AKASH JAIN is currently working toward the Undergraduation degree in electrical engineering with the Indian Institute of Technology, Jodhpur, Jodhpur, India. His current research interests include analog and digital VLSI design, signal and power integrity, optimization and design techniques for circuits and systems.

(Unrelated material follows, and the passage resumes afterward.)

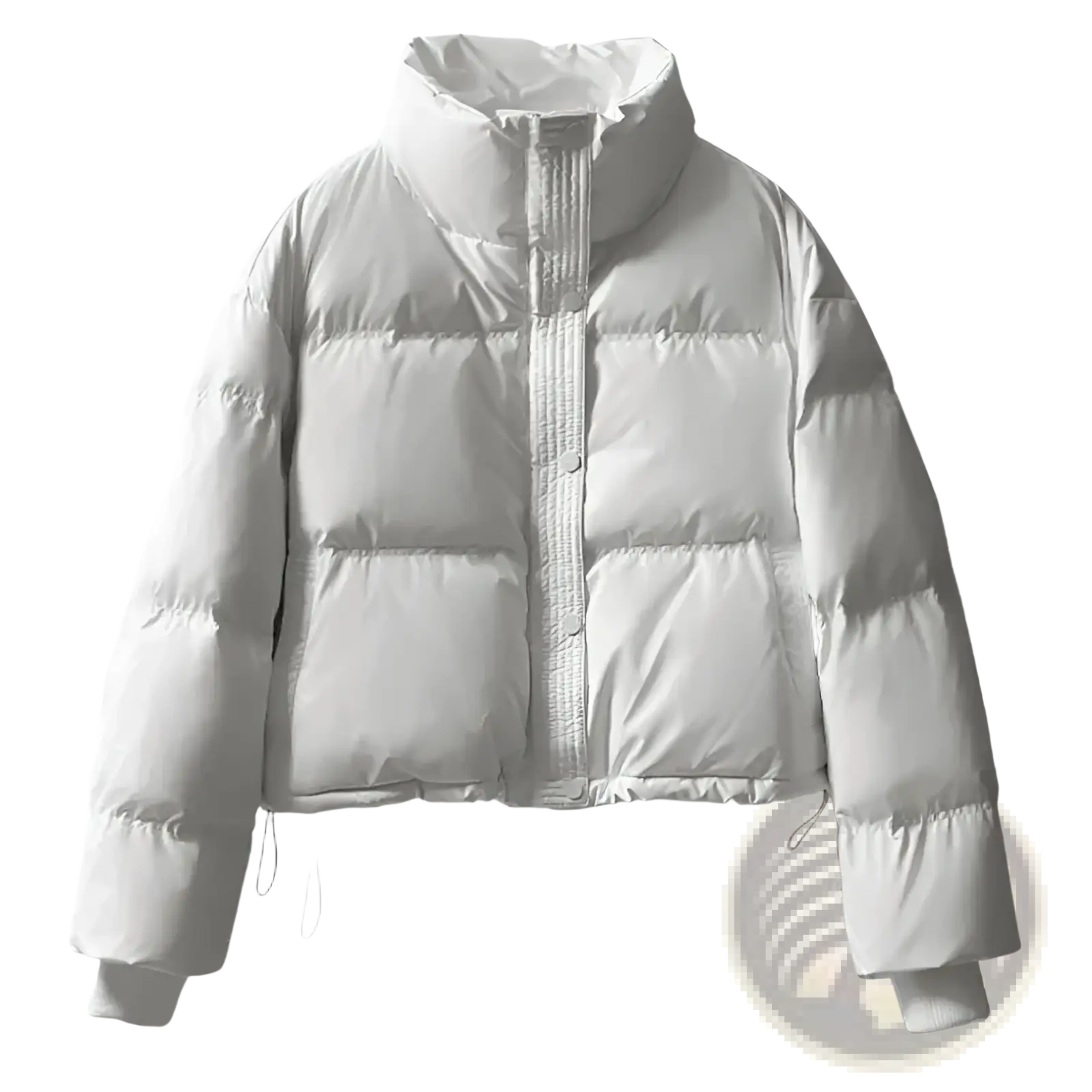 A sleek silver-gray women’s quilted puffer jacket with high collar and insulated design for cold weather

JAI NARAYAN TRIPATHI (Senior Member, IEEE) received the Ph.D. degree in electrical engineering from the Indian Institute of Technology Bombay, Mumbai, India, in 2014. He is currently an Assistant Professor with the Indian Institute of Technology Jodhpur, Jodhpur, India, and also an Adjunct Research Professor with Carleton University, Ottawa, ON, Canada. In past, he was with STMicroelectronics, India, for almost seven years, where he was involved in the design issues of various high-speed Systems-on-Chip (SoCs). In 2016 and

2017, he was a Visiting Scientist with the Politecnico di Torino, Turin, Italy, where he was also a Visiting Postdoctoral Fellow in 2016. He has authored or coauthored more than 75 research papers in refereed journals, as book chapters and in the proceedings of top international conferences. His current research interests include signal integrity, power integrity, electromagnetic interference or electromagnetic compatibility, metaheuristic optimization, and RF circuits. He is awarded a grant from the Department of Science and Technology, Govt. of India, to work on a power integrity problem.

Dr. Tripathi was a TPC Member for more than 20 international conferences, including the premier conferences, such as IEEE EPEPS, IEEE VLSI Design, and IEEE EDAPS. He was the recipient of the Young Investigator Training Program Research Award by ACRI, Italy, in 2016 and 2017, consecutively. He was an Invited Speaker in IEEE EDAPS 2015, Seoul, South Korea, where he was also a Session Co-Chair of the session High-Speed Channels and Interconnects. He was a TPC Co-Chair of IEEE EDAPS 2018. He was a reviewer for many international journals, such as IEEE TCAS-I: Regular Papers, IEEE TCAS-II: Express Briefs, IEEE TVLSI, IEEE TEMES, IEEE TPES, PIER, and *Microelectronics Journal*. He has delivered invited talks at various universities and international forums. He is a Member of a technical committee TC-12 EDMS of IEEE EPS Society. Dr. Tripathi is currently an Associate Editor for the IEEE OPEN JOURNAL OF CIRCUITS AND SYSTEMS and IEEE TRANSACTIONS ON COMPONENTS, PACKAGING AND MANUFACTURING TECHNOLOGY.



**HEMAN VAGHASIYA** is currently working toward the Undergraduation degree in electrical engineering with the Indian Institute of Technology, Jodhpur, Jodhpur, India. His current research interests include digital VLSI design, signal and power integrity, metaheuristic optimization and soft computing techniques for designing circuits and systems, and machine learning techniques.